WHAT TO DO: Omit any pictures, and restate word for word only the lines from the one with "La ruche Grande Ourse" through the end of the data below.

Image-caption web data
+-------+

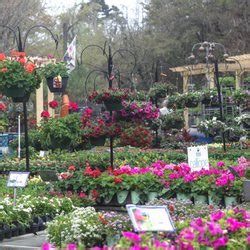 Why Esposito Garden Center Tallahassee Matters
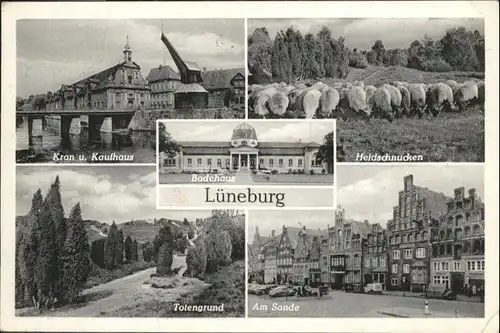 Lueneburg heidschnucken
Kran
kaufhaus
Totengrund / Lueneburg /Lueneburg LKR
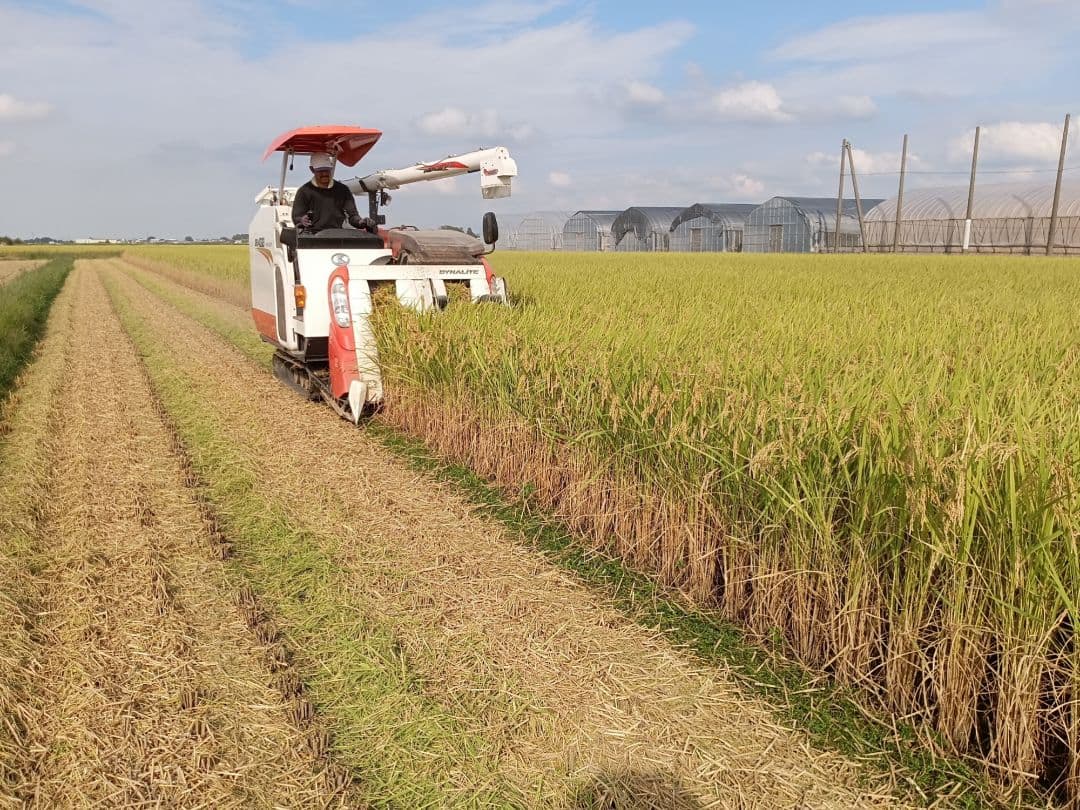 無農薬米新潟県産コシヒカリ15k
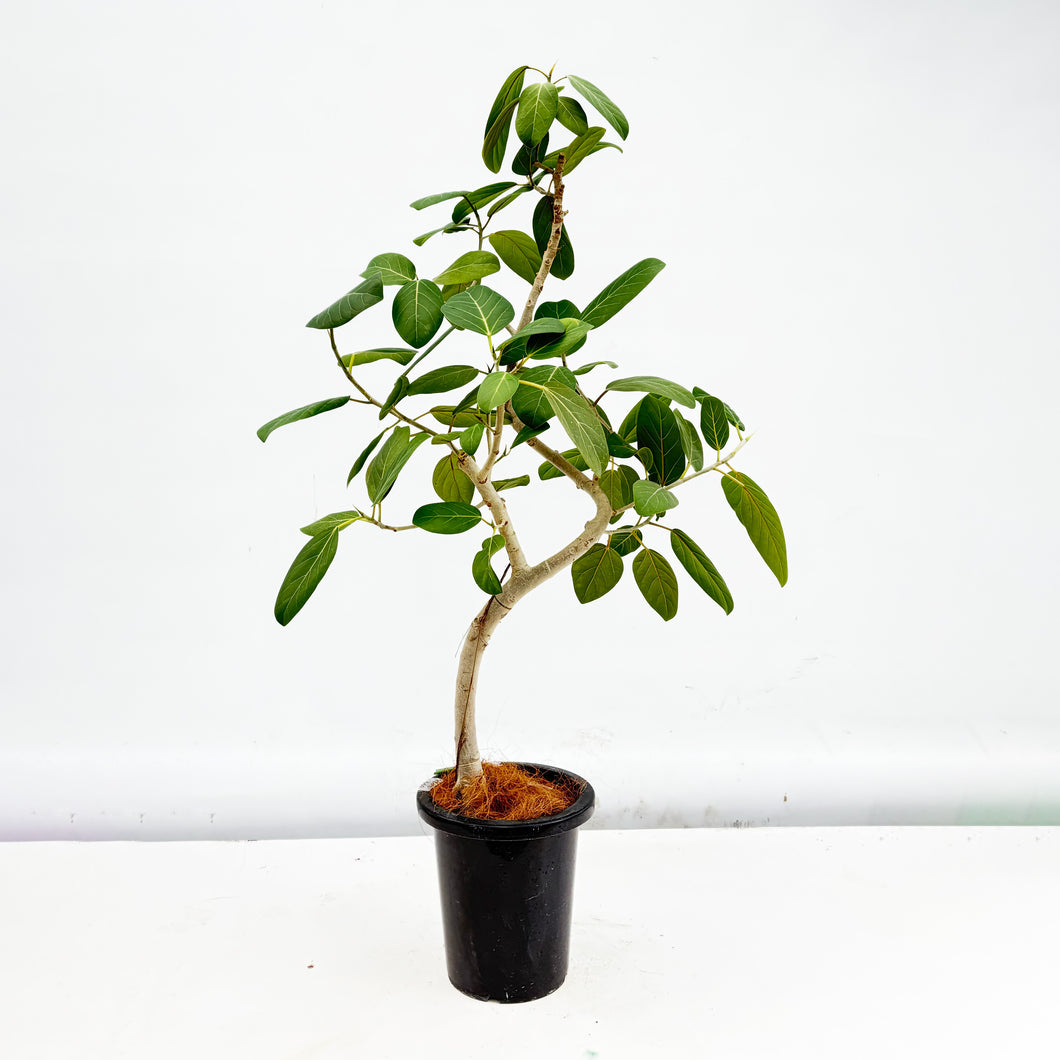 【一点物】フィカス・ベンガレンシス 8号 高さ約140cm 沖縄の観葉植物 No.549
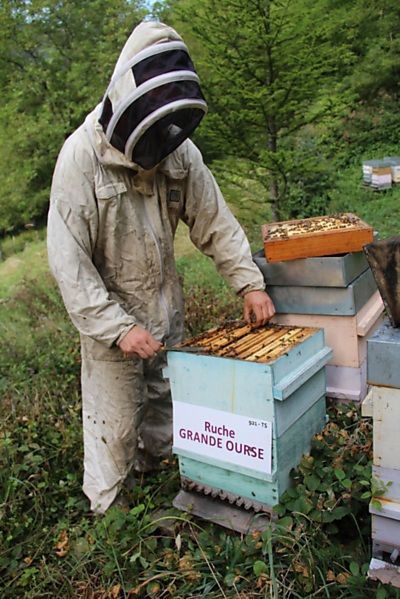 La ruche Grande Ourse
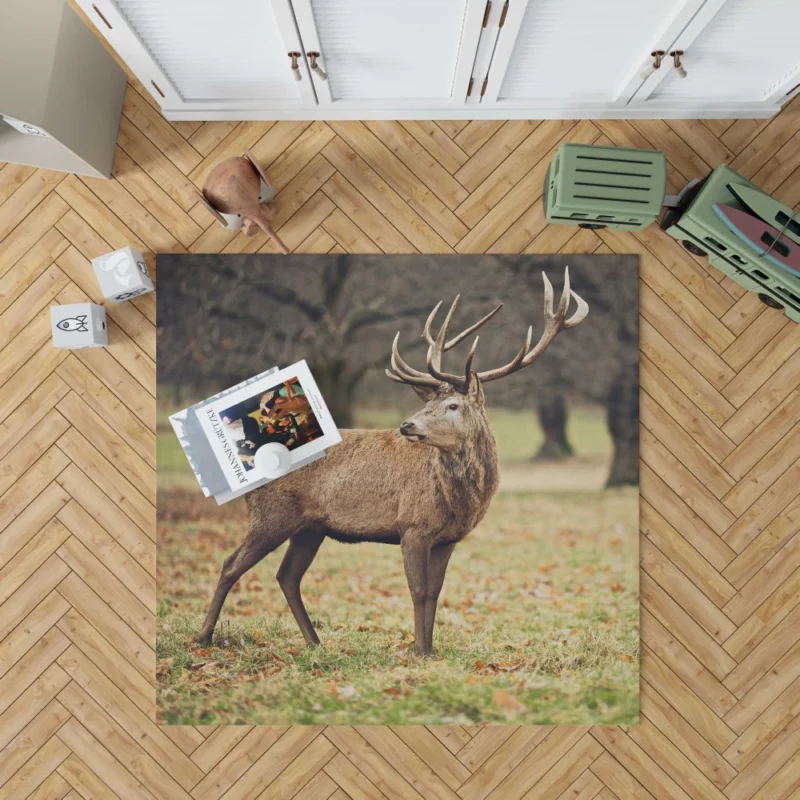 Forest Presence Majestic Deer Rug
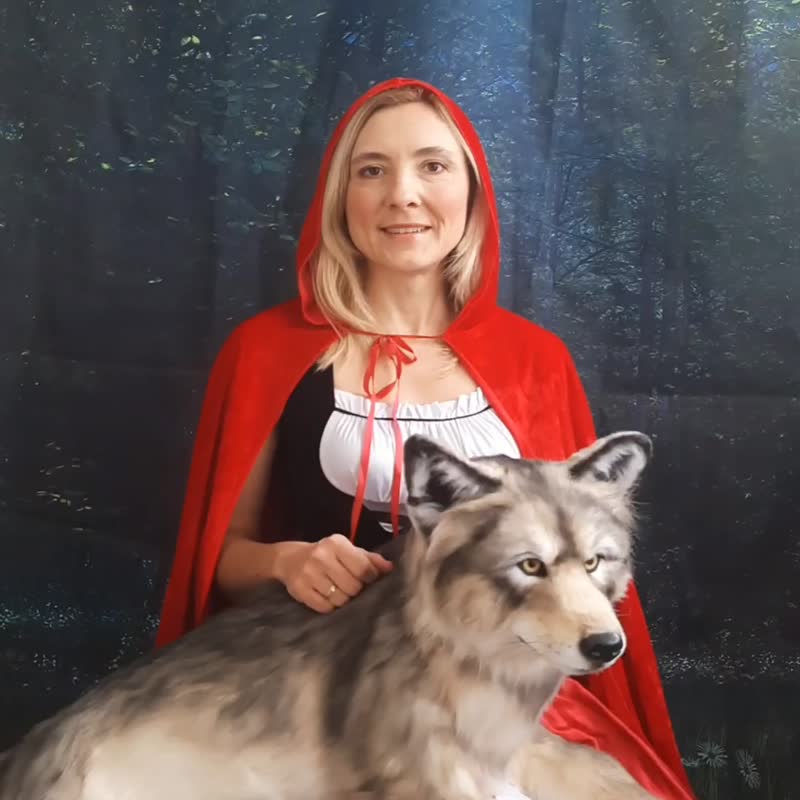 Wolf realistic plush toy. Animals replicas. Wolf stuffed toy - 玩偶/公仔 - 其他材质 灰色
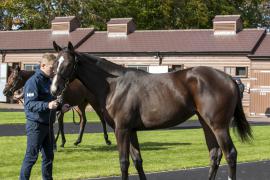 Lot  419 0645 TBK1Tattersalls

+-------+

RESULT BELOW:
 La ruche Grande Ourse
 Forest Presence Majestic Deer Rug
 Wolf realistic plush toy. Animals replicas. Wolf stuffed toy - 玩偶/公仔 - 其他材质 灰色
 Lot  419 0645 TBK1Tattersalls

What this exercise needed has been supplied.